Drivers in the Northern California port town spend an agonizing 82.6 hours annually in stand-still traffic—a brutal statistic that has been blamed on everything from the city’s surging population to the heavy increase of rideshare vehicles on its roads.
The extra pressure has also put additional strain on the city’s public transportation system, and workers there spend an average of 32.1 minutes on their ways to and from the office. They may not have left their heart in San Francisco, but they’ve most likely left their sanity.
Politics aren’t the only thing in Washington that face regular standstills.
With a huge portion of federal workers all heading to—and home from—the office en masse, the city suffers an average round-trip commute time of 34.4 minutes, with residents in its neighbor, Maryland, seeing nearly 47 hours annually in traffic congestion, a sad statistic that has much to do with D.C. traffic flow.
And despite being regularly tasked with carting around the president and any number of national dignitaries, the roads of the District are in dismal shape, with just 1% considered in “good” or “fair” condition, according to realtor.com.
2—Los Angeles, CA
The City of Angels is responsible for plenty of traffic hell.
Despite a reasonably short (compared to some others on this list) average roundtrip commute time of 29.6 minutes, residents there spend an insane 104.1 hours stuck in traffic each year.
That’s probably because Los Angeles is the country’s second-largest city, yet has some of its worst public transportation options, giving the nearly 19 million people living in its metropolitan area no choice but to hop in a car—at the same time as everyone else—when they want to go somewhere. According to realtor.com, only 8% of households in the city have no car at all.
1—New York City, NY
Maybe NYC is the City That Never Sleeps because its residents are always stuck on their way to or from work.
New York is not exactly known for its embrace of car culture, and there’s good reason why: The average cruising speed through midtown is less than 5 MPH with a single avenue alone taking as long as 15 minutes to cross.

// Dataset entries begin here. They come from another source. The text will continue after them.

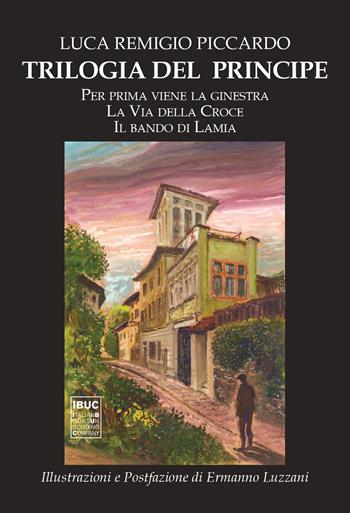 Trilogia del Principe: Per prima viene la ginestra-La via della croce-Il bando di Lamia - Luca Remigio Piccardo - Libro IBUC 2020, Interartes, le arti per le arti | Libraccio.it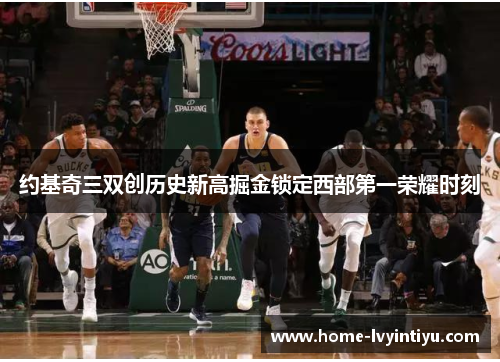 约基奇三双创历史新高掘金锁定西部第一荣耀时刻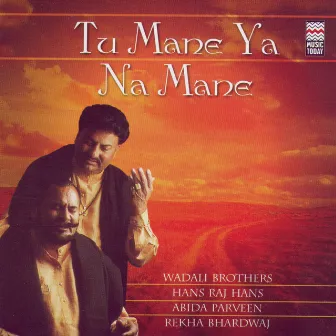 Tu Mane Ya Na Mane by Hans Raj Hans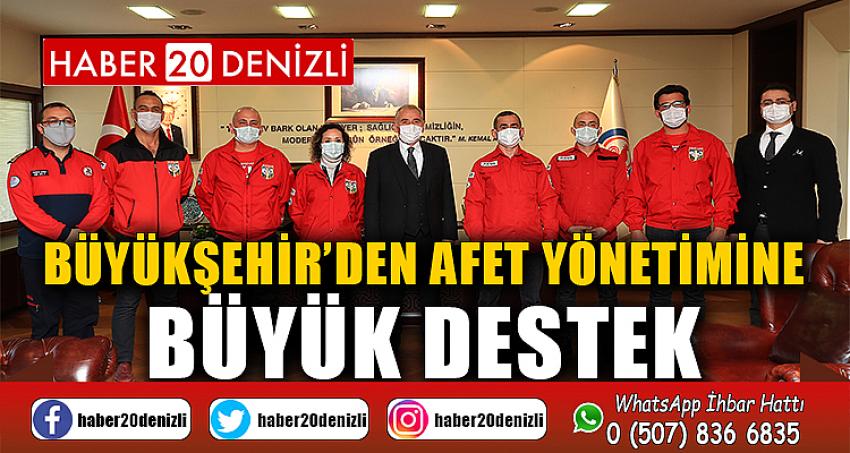 Büyükşehir’den afet yönetimine büyük destek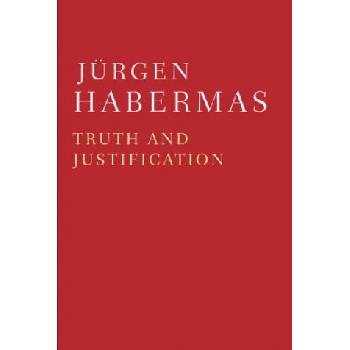 Truth and Justification | Habermas Jurgen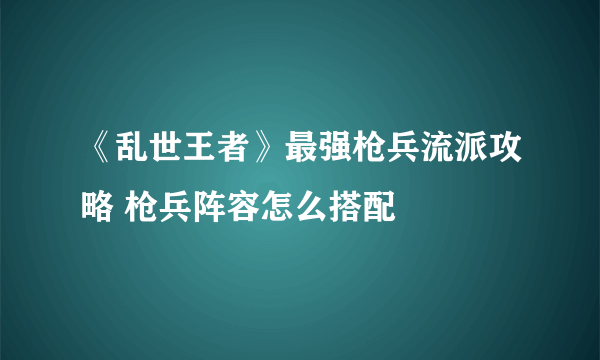 《乱世王者》最强枪兵流派攻略 枪兵阵容怎么搭配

That may be why the city has the country’s worst average commute time, coming in at 35.9 minutes. And anyone brave enough to drive there on a regular basis will see their mettle met with an average of 89.4 hours stuck in that car every year.

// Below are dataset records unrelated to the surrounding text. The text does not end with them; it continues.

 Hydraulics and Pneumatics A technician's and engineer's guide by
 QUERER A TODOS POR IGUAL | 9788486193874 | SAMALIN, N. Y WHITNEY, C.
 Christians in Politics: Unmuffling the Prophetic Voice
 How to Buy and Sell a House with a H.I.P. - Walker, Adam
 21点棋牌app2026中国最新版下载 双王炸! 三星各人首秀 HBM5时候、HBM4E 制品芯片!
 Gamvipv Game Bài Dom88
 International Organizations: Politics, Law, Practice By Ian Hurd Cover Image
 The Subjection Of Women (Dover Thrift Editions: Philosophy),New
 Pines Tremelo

Which is probably why 5.5 million people daily opt for the city’s 665 miles of subway track, stretched out across 472 stations. But even that option has been extraordinarily problematic lately, with a major repair plan backfiring, leading to excruciating and seemingly never-ending delays in one of the world’s otherwise fastest-moving cities.
Maybe the chaos will help some savvy employees there convince their boss that more work from home days are needed.